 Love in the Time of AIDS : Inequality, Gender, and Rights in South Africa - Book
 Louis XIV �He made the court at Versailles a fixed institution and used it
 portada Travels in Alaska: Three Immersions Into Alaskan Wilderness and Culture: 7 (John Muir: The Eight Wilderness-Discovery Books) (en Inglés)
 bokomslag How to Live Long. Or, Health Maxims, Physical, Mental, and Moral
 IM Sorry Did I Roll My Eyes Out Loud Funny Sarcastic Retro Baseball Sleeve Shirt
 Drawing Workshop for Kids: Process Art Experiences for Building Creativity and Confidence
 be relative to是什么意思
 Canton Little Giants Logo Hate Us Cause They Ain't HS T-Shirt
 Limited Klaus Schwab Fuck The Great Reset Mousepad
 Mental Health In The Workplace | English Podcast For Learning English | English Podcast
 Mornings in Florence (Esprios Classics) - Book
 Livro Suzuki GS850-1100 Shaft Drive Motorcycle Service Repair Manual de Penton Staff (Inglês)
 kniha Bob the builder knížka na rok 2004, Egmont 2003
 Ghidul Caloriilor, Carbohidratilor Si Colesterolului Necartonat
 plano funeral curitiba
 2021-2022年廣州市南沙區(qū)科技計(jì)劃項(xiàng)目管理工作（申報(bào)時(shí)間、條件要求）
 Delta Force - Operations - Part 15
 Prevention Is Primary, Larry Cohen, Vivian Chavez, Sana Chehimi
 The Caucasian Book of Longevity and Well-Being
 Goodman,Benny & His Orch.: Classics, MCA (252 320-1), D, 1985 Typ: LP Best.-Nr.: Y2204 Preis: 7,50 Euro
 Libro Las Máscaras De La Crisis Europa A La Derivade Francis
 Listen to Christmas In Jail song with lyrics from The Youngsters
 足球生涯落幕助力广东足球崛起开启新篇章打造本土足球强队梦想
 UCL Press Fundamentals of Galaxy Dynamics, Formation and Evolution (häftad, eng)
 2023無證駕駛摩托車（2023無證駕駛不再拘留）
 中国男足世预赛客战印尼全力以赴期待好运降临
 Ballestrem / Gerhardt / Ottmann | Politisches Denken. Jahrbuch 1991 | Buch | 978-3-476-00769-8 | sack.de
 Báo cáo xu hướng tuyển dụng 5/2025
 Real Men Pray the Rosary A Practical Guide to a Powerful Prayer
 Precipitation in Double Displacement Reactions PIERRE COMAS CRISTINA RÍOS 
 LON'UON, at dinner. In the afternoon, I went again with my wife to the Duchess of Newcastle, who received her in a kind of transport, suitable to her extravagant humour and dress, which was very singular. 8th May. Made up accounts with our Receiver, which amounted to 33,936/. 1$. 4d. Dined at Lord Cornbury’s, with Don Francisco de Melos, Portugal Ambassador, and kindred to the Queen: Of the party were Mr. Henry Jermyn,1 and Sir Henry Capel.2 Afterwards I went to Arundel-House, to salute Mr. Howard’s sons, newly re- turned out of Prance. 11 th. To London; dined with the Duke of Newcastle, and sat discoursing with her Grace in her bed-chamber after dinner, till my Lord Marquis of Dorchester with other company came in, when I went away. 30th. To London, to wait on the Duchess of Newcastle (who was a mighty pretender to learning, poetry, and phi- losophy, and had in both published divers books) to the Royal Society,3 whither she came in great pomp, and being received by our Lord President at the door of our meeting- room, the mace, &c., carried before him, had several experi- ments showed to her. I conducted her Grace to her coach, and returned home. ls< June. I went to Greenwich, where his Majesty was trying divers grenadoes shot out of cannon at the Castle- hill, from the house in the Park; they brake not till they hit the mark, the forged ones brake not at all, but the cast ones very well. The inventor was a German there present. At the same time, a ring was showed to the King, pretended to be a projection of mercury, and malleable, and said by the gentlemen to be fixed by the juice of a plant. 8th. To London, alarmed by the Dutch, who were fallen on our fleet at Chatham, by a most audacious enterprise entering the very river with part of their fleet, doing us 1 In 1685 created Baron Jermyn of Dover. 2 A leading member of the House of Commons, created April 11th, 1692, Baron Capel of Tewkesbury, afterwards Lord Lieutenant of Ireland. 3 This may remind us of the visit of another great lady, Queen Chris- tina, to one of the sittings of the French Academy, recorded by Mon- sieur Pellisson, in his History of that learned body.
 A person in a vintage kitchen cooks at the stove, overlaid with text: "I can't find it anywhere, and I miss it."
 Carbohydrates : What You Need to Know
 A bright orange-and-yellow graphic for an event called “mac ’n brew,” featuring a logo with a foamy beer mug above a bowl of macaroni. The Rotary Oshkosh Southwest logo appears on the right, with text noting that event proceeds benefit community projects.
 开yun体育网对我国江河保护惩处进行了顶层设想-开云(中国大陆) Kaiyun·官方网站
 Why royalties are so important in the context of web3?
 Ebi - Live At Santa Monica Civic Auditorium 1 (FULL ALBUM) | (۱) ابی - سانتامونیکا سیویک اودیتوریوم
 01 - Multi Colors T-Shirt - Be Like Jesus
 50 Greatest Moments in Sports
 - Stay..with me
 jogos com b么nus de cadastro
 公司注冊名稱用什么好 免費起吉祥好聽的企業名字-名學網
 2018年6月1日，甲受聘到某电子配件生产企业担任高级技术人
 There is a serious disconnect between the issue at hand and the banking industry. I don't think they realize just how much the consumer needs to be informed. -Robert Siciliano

———

- **PROBLEM REQUIREMENTS**: Once you have read the data, reproduce all of it exactly.

- **WRITTEN RESPONSE**:
 Love in the Time of AIDS : Inequality, Gender, and Rights in South Africa - Book
 Louis XIV �He made the court at Versailles a fixed institution and used it
 portada Travels in Alaska: Three Immersions Into Alaskan Wilderness and Culture: 7 (John Muir: The Eight Wilderness-Discovery Books) (en Inglés)
 bokomslag How to Live Long. Or, Health Maxims, Physical, Mental, and Moral
 IM Sorry Did I Roll My Eyes Out Loud Funny Sarcastic Retro Baseball Sleeve Shirt
 Drawing Workshop for Kids: Process Art Experiences for Building Creativity and Confidence
 be relative to是什么意思
 Canton Little Giants Logo Hate Us Cause They Ain't HS T-Shirt
 Limited Klaus Schwab Fuck The Great Reset Mousepad
 Mental Health In The Workplace | English Podcast For Learning English | English Podcast
 Mornings in Florence (Esprios Classics) - Book
 Livro Suzuki GS850-1100 Shaft Drive Motorcycle Service Repair Manual de Penton Staff (Inglês)
 kniha Bob the builder knížka na rok 2004, Egmont 2003
 Ghidul Caloriilor, Carbohidratilor Si Colesterolului Necartonat
 plano funeral curitiba
 2021-2022年廣州市南沙區(qū)科技計(jì)劃項(xiàng)目管理工作（申報(bào)時(shí)間、條件要求）
 Delta Force - Operations - Part 15
 Prevention Is Primary, Larry Cohen, Vivian Chavez, Sana Chehimi
 The Caucasian Book of Longevity and Well-Being
 Goodman,Benny & His Orch.: Classics, MCA (252 320-1), D, 1985 Typ: LP Best.-Nr.: Y2204 Preis: 7,50 Euro
 Libro Las Máscaras De La Crisis Europa A La Derivade Francis
 Listen to Christmas In Jail song with lyrics from The Youngsters
 足球生涯落幕助力广东足球崛起开启新篇章打造本土足球强队梦想
 UCL Press Fundamentals of Galaxy Dynamics, Formation and Evolution (häftad, eng)
 2023無證駕駛摩托車（2023無證駕駛不再拘留）
 中国男足世预赛客战印尼全力以赴期待好运降临
 Ballestrem / Gerhardt / Ottmann | Politisches Denken. Jahrbuch 1991 | Buch | 978-3-476-00769-8 | sack.de
 Báo cáo xu hướng tuyển dụng 5/2025
 Real Men Pray the Rosary A Practical Guide to a Powerful Prayer
 Precipitation in Double Displacement Reactions PIERRE COMAS CRISTINA RÍOS 
 LON'UON, at dinner. In the afternoon, I went again with my wife to the Duchess of Newcastle, who received her in a kind of transport, suitable to her extravagant humour and dress, which was very singular. 8th May. Made up accounts with our Receiver, which amounted to 33,936/. 1$. 4d. Dined at Lord Cornbury’s, with Don Francisco de Melos, Portugal Ambassador, and kindred to the Queen: Of the party were Mr. Henry Jermyn,1 and Sir Henry Capel.2 Afterwards I went to Arundel-House, to salute Mr. Howard’s sons, newly re- turned out of Prance. 11 th. To London; dined with the Duke of Newcastle, and sat discoursing with her Grace in her bed-chamber after dinner, till my Lord Marquis of Dorchester with other company came in, when I went away. 30th. To London, to wait on the Duchess of Newcastle (who was a mighty pretender to learning, poetry, and phi- losophy, and had in both published divers books) to the Royal Society,3 whither she came in great pomp, and being received by our Lord President at the door of our meeting- room, the mace, &c., carried before him, had several experi- ments showed to her. I conducted her Grace to her coach, and returned home. ls< June. I went to Greenwich, where his Majesty was trying divers grenadoes shot out of cannon at the Castle- hill, from the house in the Park; they brake not till they hit the mark, the forged ones brake not at all, but the cast ones very well. The inventor was a German there present. At the same time, a ring was showed to the King, pretended to be a projection of mercury, and malleable, and said by the gentlemen to be fixed by the juice of a plant. 8th. To London, alarmed by the Dutch, who were fallen on our fleet at Chatham, by a most audacious enterprise entering the very river with part of their fleet, doing us 1 In 1685 created Baron Jermyn of Dover. 2 A leading member of the House of Commons, created April 11th, 1692, Baron Capel of Tewkesbury, afterwards Lord Lieutenant of Ireland. 3 This may remind us of the visit of another great lady, Queen Chris- tina, to one of the sittings of the French Academy, recorded by Mon- sieur Pellisson, in his History of that learned body.
 A person in a vintage kitchen cooks at the stove, overlaid with text: "I can't find it anywhere, and I miss it."
 Carbohydrates : What You Need to Know
 A bright orange-and-yellow graphic for an event called “mac ’n brew,” featuring a logo with a foamy beer mug above a bowl of macaroni. The Rotary Oshkosh Southwest logo appears on the right, with text noting that event proceeds benefit community projects.
 开yun体育网对我国江河保护惩处进行了顶层设想-开云(中国大陆) Kaiyun·官方网站
 Why royalties are so important in the context of web3?
 Ebi - Live At Santa Monica Civic Auditorium 1 (FULL ALBUM) | (۱) ابی - سانتامونیکا سیویک اودیتوریوم
 01 - Multi Colors T-Shirt - Be Like Jesus
 50 Greatest Moments in Sports
 - Stay..with me
 jogos com b么nus de cadastro
 公司注冊名稱用什么好 免費起吉祥好聽的企業名字-名學網
 2018年6月1日，甲受聘到某电子配件生产企业担任高级技术人
 There is a serious disconnect between the issue at hand and the banking industry. I don't think they realize just how much the consumer needs to be informed. -Robert Siciliano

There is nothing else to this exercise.